EXERCISE REQUIREMENTS:
Would you output the following records verbatim and skip the images in them?

Data items:
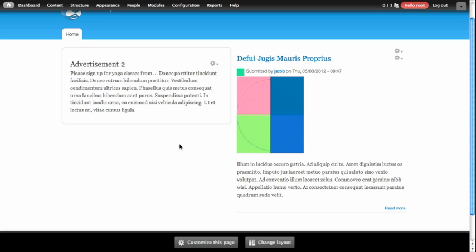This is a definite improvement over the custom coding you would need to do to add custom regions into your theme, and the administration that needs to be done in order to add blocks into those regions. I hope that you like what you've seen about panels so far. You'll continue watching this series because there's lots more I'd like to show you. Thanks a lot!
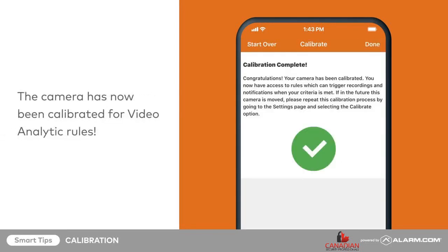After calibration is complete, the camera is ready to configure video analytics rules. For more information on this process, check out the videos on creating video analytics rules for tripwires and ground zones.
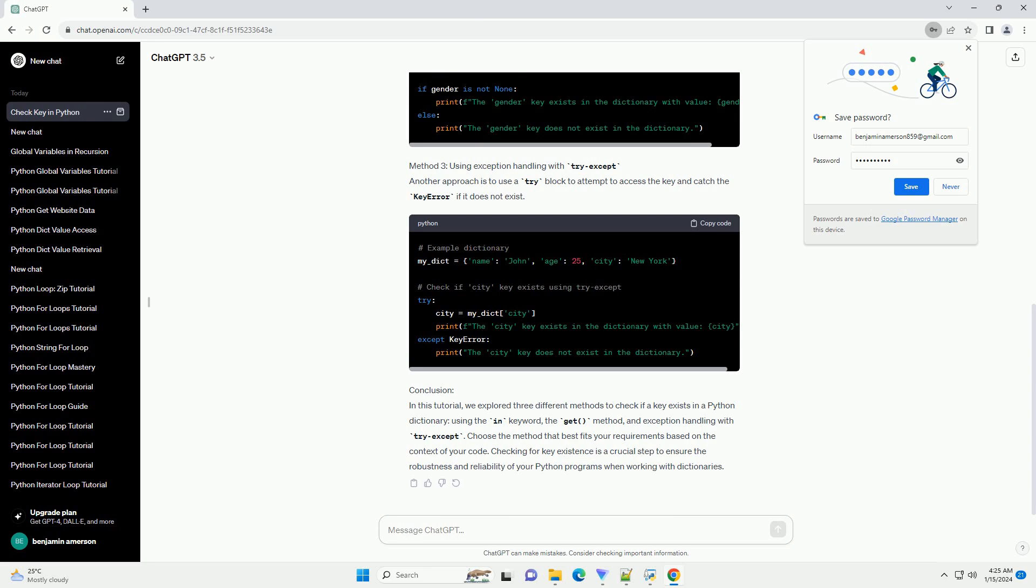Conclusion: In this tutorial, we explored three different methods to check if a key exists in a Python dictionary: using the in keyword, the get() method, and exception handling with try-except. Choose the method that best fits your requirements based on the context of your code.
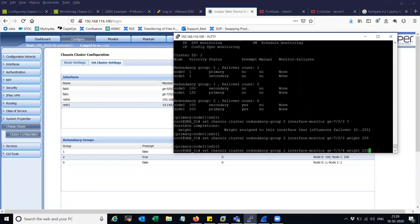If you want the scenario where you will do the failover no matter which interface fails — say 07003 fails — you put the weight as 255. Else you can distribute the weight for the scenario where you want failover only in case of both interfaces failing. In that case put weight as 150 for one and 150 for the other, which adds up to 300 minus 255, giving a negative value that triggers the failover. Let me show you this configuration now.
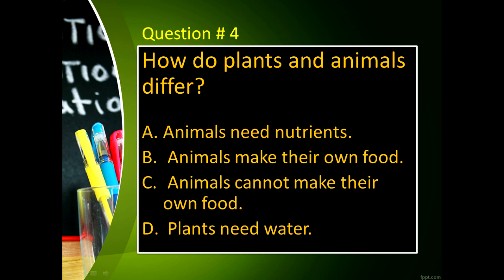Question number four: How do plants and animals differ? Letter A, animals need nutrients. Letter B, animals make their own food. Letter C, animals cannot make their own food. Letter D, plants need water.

YOUR RESPONSE:
This is a definite improvement over the custom coding you would need to do to add custom regions into your theme, and the administration that needs to be done in order to add blocks into those regions. I hope that you like what you've seen about panels so far. You'll continue watching this series because there's lots more I'd like to show you. Thanks a lot!
After calibration is complete, the camera is ready to configure video analytics rules. For more information on this process, check out the videos on creating video analytics rules for tripwires and ground zones.
Conclusion: In this tutorial, we explored three different methods to check if a key exists in a Python dictionary: using the in keyword, the get() method, and exception handling with try-except. Choose the method that best fits your requirements based on the context of your code.
If you want the scenario where you will do the failover no matter which interface fails — say 07003 fails — you put the weight as 255. Else you can distribute the weight for the scenario where you want failover only in case of both interfaces failing. In that case put weight as 150 for one and 150 for the other, which adds up to 300 minus 255, giving a negative value that triggers the failover. Let me show you this configuration now.
Question number four: How do plants and animals differ? Letter A, animals need nutrients. Letter B, animals make their own food. Letter C, animals cannot make their own food. Letter D, plants need water.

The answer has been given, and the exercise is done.